I swim but I don't float. Even in the Dead Sea I sink. My partner floats so very well that her toes and nipples stay out of the water. When we visited the Dead Sea last summer I think hardly an inch of her buttocks sank out of sight. She dislikes the culture of intellectual debate and so spent most of her time tanning and swimming. The food at the banquet hardly lived up to expectations. Too salty, everything. And the lectures wearisome as well.
       One sold the other studied. That's the way of the world, agreed? Read Homer, for instance. Or better yet, Horace. And after Horace read Ovid. When you tire of the classics, turn for a few well-spent evenings to Beowulf and Gawain. End with Chaucer. Here we have the greatest purveyor of, or better yet, the most intense dealer in, the contradictions between the meditant and the merchant.
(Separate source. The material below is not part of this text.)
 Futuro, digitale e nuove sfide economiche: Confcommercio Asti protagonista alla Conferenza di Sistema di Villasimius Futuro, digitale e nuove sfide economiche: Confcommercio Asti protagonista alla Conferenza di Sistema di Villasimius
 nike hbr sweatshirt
       Who am I? My name is Meckling. I teach philosophy of religion at a small college in Trier, the oldest city in the country. That is neither here nor there, though. In my spare time I read--increasingly, to my curiosity; why anyone else's? nobody cares, and for good reason--accounts of the intrigue around the granting of Dead Sea scroll privileges. These codices are all housed in the Kumran Building in Hafiz. Access to the library of fragments is strictly controlled by particular members of the Department of Antiquities, at the university of Hafiz. That is, ostensibly. Actually the credit for the restrictions goes to the Israeli government.
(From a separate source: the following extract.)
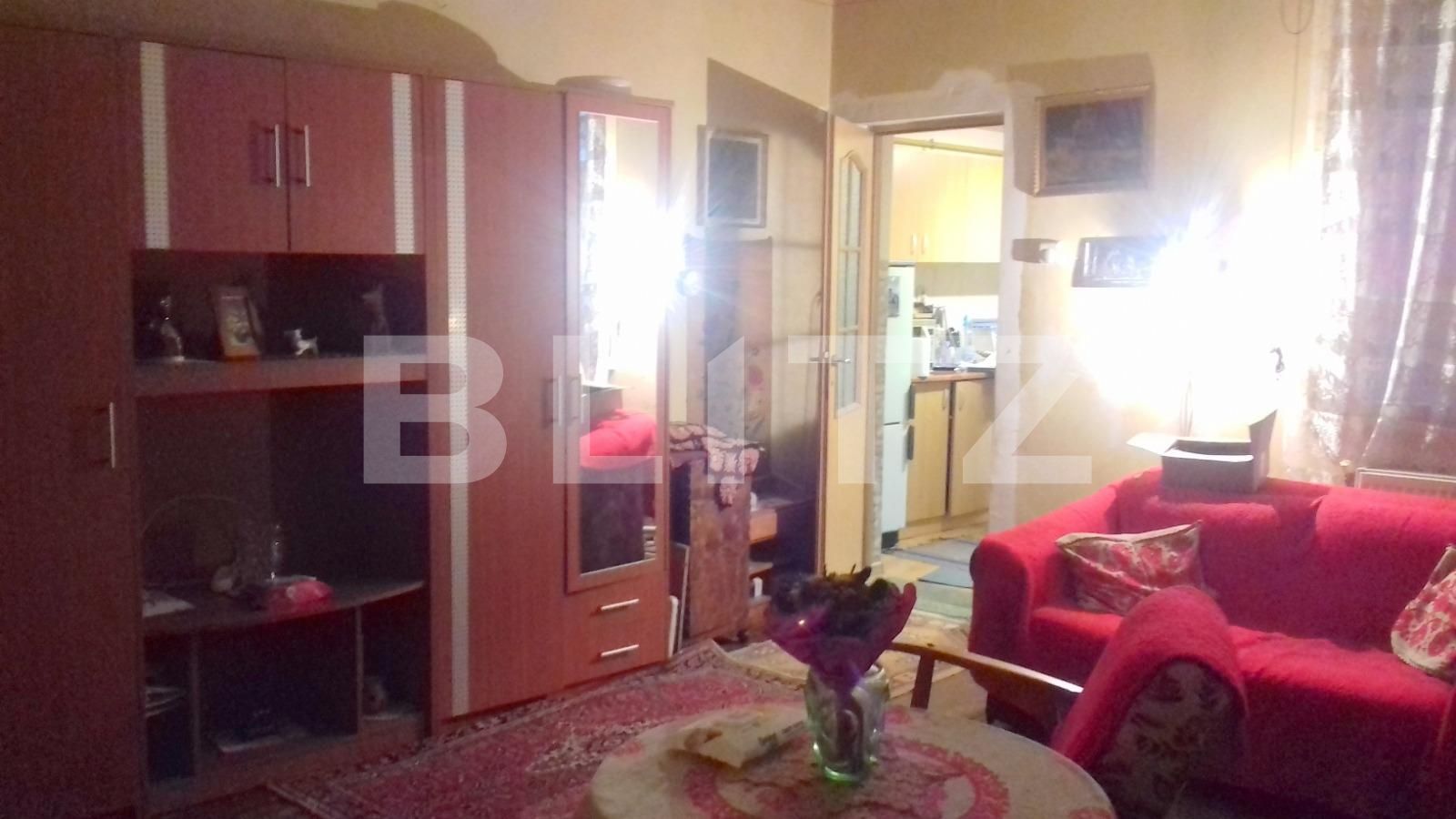 Casa de vânzare 2 camere Grigorescu - 58991CV | BLITZ Cluj-Napoca | Poza6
       What is this to you? Nothing, really. This is a question for the trained thinker, not for you. Not for commoners dabbling in ideas as if they were indifferently stirring their pudding after a satisfying meal of roast beef and succulent pig. I eat no pig. My name should tell you that. Mine is one of the few sects, in fact, let me qualify to you, which still observes ritual holidays and fervently follows traditional rules. I am a believer, that is. That is neither here nor there, though. You, unfamiliar with either Jewish ritual or German intellectual rigor, will about now be throwing this book aside for some less patently partisan and more piquantly sexual reading.  But bear with me. This is the end of my digression into exposition of this sort. Let me now tell you a little about the intrigue here. Adventure, see? Now you are all ears, for the moment! So let me begin.
       First, however, I wish to ask you if the name Eisemann means anything to you? No? Never mind. I will introduce you to him. Eisemann toppled the Israeli government single-handed over this business.